ACTIVITY
Write every entry out again exactly, please, and skip the pictures.

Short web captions
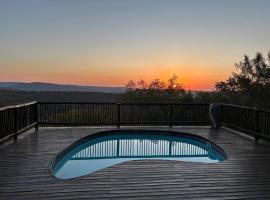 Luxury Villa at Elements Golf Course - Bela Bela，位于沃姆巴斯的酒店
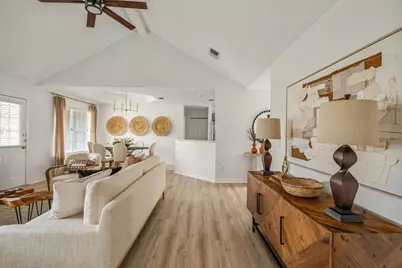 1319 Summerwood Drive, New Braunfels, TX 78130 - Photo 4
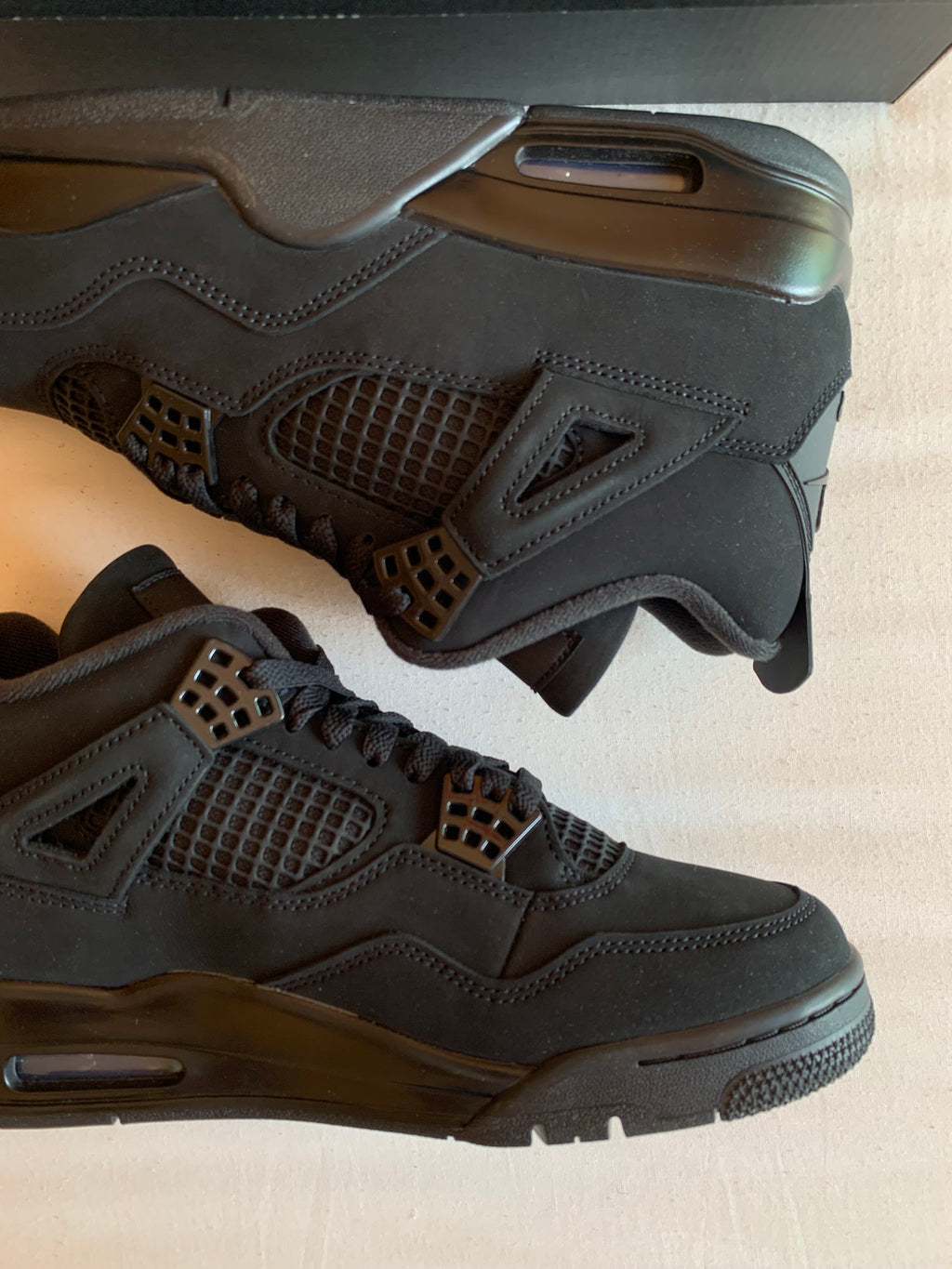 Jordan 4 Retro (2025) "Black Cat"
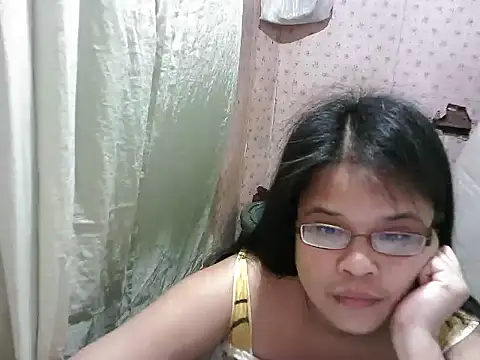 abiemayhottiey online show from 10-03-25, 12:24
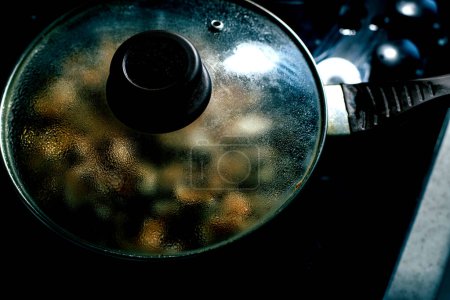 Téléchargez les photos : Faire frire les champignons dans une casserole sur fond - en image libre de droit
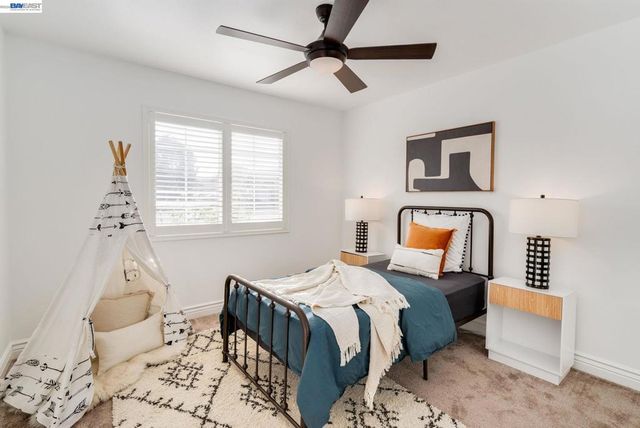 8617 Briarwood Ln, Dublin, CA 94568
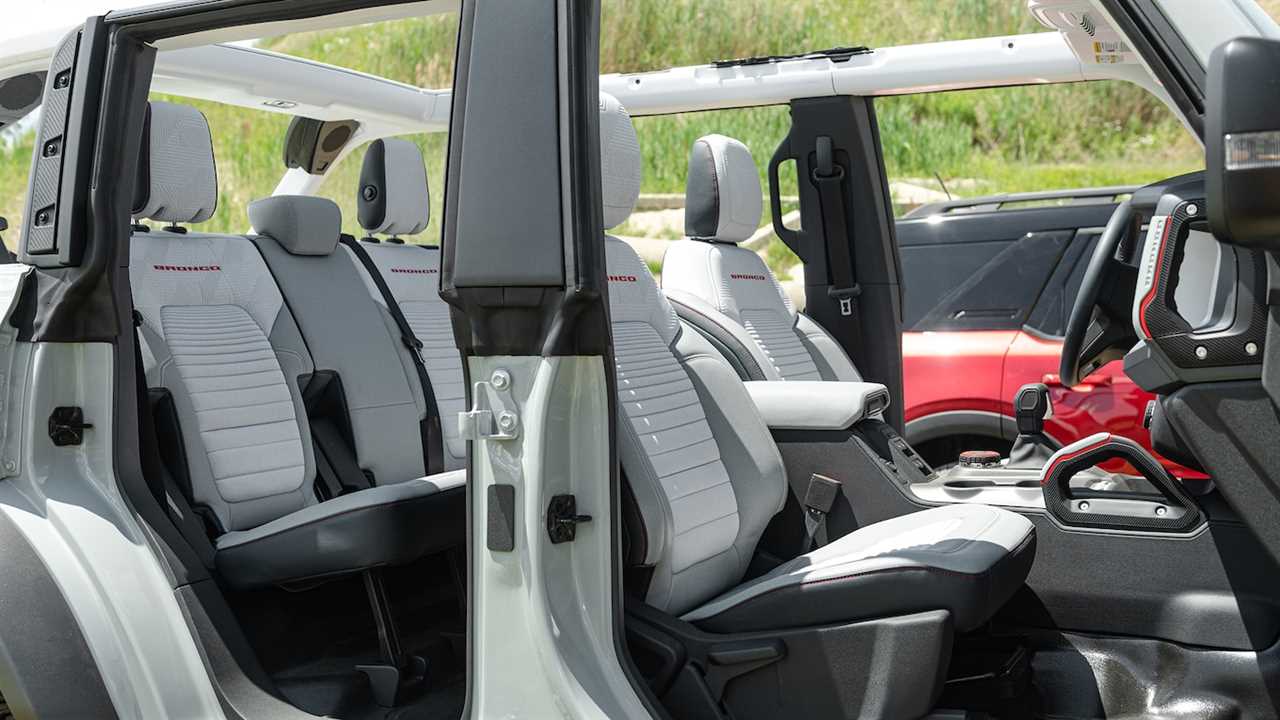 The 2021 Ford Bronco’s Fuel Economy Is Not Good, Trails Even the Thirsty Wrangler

ANSWER FOR THIS EXERCISE
 Luxury Villa at Elements Golf Course - Bela Bela，位于沃姆巴斯的酒店
 1319 Summerwood Drive, New Braunfels, TX 78130 - Photo 4
 Jordan 4 Retro (2025) "Black Cat"
 abiemayhottiey online show from 10-03-25, 12:24
 Téléchargez les photos : Faire frire les champignons dans une casserole sur fond - en image libre de droit
 8617 Briarwood Ln, Dublin, CA 94568
 The 2021 Ford Bronco’s Fuel Economy Is Not Good, Trails Even the Thirsty Wrangler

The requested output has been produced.